Cuando me puse a subir trabajosamente la Cuesta del Chapiz, una calle adoquinada en lo alto de la cual se encontraba la escuela, comenzó a oscurecer. La subida me hizo entrar un poco en calor; a medida que el sol se iba escondiendo detrás de los tejados, descendía un frío cruel por las calles de la ciudad. Detrás del gran portón de madera de la Escuela Carmen de las Cuevas había un bonito patio con macetones de aspidistras y una fuentecilla de piedra, y por él pululaba una panda variopinta de chicas y chicos, zigzagueando con aire vacilante por entre los estuches de las guitarras de unos y otros y sin saber bien en qué idioma hablar.

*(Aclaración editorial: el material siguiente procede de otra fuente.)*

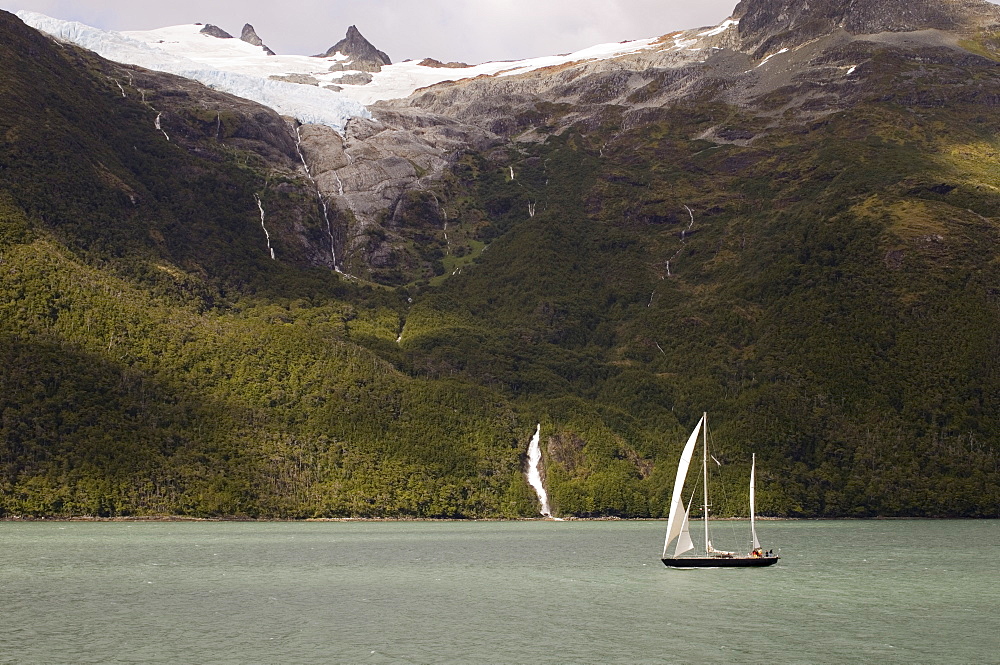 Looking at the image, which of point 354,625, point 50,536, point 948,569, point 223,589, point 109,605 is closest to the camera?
point 354,625

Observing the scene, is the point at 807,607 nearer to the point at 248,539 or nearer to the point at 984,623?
the point at 984,623

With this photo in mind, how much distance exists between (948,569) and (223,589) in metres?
75.5

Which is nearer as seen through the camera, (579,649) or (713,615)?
(579,649)

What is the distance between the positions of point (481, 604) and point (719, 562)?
30688 mm

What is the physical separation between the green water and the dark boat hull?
125 centimetres

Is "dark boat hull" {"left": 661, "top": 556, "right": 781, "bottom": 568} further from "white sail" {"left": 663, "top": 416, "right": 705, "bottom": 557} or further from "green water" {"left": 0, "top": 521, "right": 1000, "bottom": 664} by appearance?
"white sail" {"left": 663, "top": 416, "right": 705, "bottom": 557}

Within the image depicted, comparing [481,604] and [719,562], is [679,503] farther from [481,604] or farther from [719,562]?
[481,604]

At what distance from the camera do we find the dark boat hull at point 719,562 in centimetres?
11366

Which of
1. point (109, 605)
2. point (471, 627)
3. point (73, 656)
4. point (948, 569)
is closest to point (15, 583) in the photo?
point (109, 605)

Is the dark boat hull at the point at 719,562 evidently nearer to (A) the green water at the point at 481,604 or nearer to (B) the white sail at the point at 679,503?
(A) the green water at the point at 481,604

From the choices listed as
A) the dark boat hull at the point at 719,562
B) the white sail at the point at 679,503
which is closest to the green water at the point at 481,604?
the dark boat hull at the point at 719,562

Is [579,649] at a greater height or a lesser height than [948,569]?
lesser

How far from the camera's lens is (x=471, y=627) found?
81750mm

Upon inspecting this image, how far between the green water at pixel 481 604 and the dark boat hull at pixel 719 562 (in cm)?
125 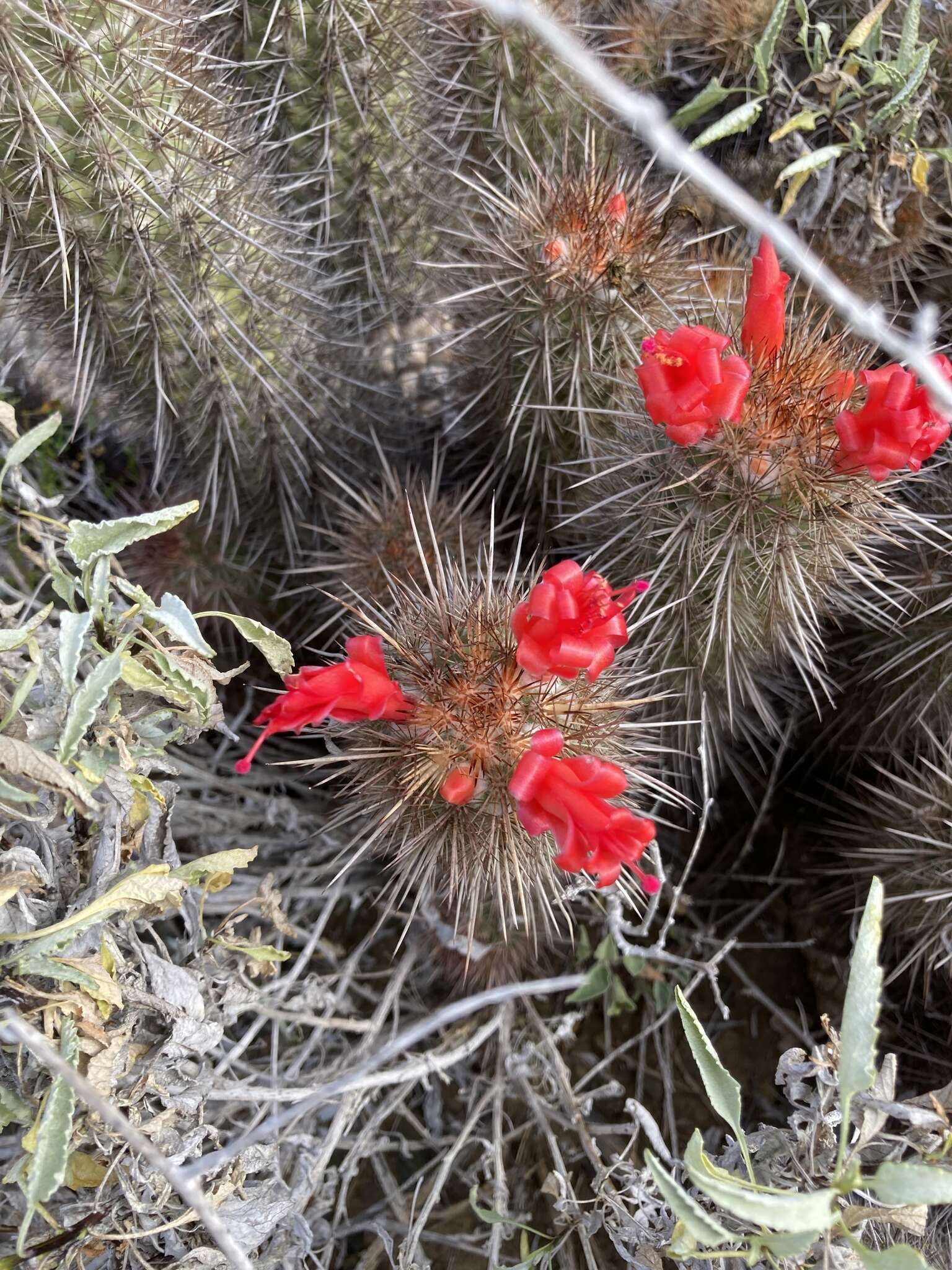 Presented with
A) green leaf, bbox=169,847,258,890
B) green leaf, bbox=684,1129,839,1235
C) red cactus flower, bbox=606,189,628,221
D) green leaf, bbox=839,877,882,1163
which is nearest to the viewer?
green leaf, bbox=684,1129,839,1235

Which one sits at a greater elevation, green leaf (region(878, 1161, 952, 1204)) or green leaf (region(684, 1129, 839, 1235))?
green leaf (region(878, 1161, 952, 1204))

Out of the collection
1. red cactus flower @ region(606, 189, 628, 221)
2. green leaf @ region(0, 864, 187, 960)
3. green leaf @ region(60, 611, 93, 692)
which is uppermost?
red cactus flower @ region(606, 189, 628, 221)

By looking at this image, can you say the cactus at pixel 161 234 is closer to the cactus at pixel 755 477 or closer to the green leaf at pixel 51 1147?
the cactus at pixel 755 477

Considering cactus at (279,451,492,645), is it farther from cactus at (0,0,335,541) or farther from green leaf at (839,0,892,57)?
green leaf at (839,0,892,57)

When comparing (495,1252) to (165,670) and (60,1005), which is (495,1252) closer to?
(60,1005)

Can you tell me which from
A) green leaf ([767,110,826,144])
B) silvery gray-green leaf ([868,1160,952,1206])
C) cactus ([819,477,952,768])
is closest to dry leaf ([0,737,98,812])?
silvery gray-green leaf ([868,1160,952,1206])

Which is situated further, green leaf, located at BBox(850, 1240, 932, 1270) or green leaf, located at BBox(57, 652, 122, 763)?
green leaf, located at BBox(57, 652, 122, 763)

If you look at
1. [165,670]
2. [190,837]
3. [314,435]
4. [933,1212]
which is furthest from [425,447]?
[933,1212] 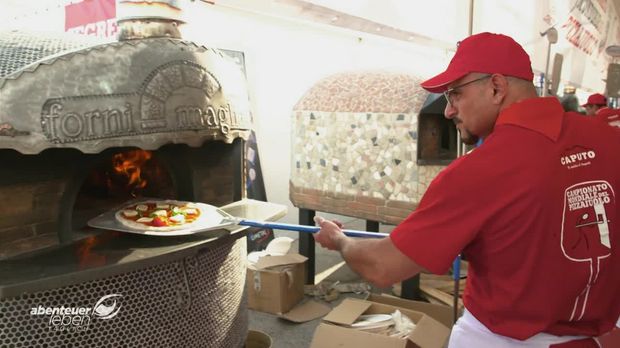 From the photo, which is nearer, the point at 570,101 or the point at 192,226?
the point at 192,226

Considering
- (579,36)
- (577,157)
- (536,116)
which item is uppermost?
(579,36)

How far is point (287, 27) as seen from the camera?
5316 mm

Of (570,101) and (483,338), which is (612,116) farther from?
(483,338)

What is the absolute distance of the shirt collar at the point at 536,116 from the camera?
1.55m

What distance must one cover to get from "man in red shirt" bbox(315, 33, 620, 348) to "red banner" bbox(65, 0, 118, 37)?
3.27 metres

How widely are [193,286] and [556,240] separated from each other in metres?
1.66

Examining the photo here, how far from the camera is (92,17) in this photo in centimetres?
407

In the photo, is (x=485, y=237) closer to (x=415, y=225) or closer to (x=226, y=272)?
(x=415, y=225)

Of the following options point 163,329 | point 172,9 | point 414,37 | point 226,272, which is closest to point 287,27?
point 414,37

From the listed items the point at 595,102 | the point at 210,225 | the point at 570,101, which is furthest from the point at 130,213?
the point at 570,101

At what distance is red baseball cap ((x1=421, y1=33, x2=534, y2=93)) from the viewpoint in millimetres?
1645

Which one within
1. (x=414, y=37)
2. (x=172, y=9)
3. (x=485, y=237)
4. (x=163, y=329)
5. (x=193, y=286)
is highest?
(x=414, y=37)

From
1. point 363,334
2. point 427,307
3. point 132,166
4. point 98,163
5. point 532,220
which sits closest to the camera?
point 532,220

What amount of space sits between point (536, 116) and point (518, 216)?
0.34m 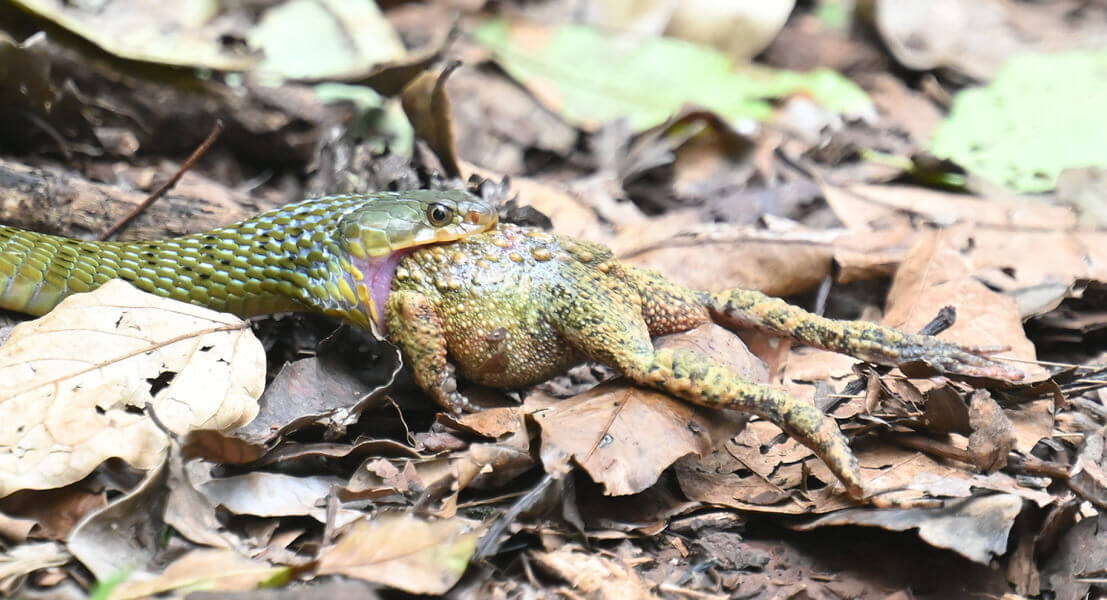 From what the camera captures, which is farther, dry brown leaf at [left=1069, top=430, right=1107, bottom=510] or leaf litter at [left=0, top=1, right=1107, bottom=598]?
dry brown leaf at [left=1069, top=430, right=1107, bottom=510]

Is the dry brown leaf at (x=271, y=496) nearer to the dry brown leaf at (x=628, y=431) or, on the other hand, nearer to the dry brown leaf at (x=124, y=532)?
the dry brown leaf at (x=124, y=532)

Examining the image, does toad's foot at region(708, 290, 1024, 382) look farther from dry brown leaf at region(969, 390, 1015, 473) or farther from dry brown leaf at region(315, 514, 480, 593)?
dry brown leaf at region(315, 514, 480, 593)

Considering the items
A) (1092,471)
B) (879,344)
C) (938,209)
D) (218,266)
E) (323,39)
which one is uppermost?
(323,39)

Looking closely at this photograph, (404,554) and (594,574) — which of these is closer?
(404,554)

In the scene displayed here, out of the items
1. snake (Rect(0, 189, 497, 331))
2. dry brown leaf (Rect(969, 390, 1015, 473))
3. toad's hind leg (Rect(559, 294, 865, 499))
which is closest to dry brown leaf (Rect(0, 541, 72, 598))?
snake (Rect(0, 189, 497, 331))

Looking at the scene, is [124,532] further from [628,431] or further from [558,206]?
[558,206]

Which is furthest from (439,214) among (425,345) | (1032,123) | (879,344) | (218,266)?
(1032,123)

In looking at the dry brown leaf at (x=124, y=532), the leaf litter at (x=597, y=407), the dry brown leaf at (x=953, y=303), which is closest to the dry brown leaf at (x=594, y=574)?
the leaf litter at (x=597, y=407)
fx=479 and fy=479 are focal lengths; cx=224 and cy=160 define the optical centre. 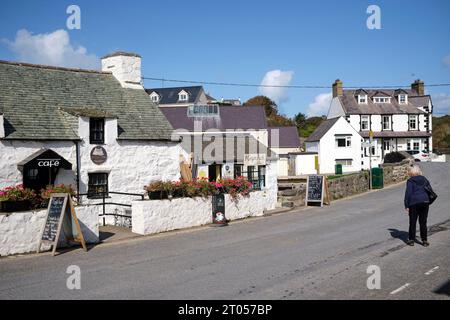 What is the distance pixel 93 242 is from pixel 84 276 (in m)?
4.01

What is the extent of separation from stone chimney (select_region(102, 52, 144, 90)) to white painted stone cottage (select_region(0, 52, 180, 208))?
0.05m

A mis cuarenta y ocho años yo no era exactamente el viejo de la clase -ése era Jean-Paul, que ya tenía cincuenta y tantos- pero el resto eran mucho más jóvenes: músicos callejeros de fin de semana, estudiantes, trotamundos, un payaso de Munich. Eran un agradable batiburrillo de bohemios. Sin embargo, yo era intensamente consciente de la diferencia de edad. Me asaltó el recuerdo de Herb en mis años juveniles de Sevilla, acompañado de la sensación ligeramente paranoica de que mis compañeros estudiantes me veían como un anacronismo, alguien que se había metido en el escenario equivocado. Cuando alguno de ellos me dirigía una pregunta o comentario, no podía evitar pensar que había otra pregunta oculta bajo la superficie: «Y, digo yo, hombre, ¿para qué molestarte ya?»Incluso creí detectar una mirada extraña en Nacho, la persona a cargo de la escuela, cuando entré en la oficina a matricularme. Apoyando mi guitarra en la pared, le sonreí con indulgencia cuando me preguntó a qué curso me quería apuntar.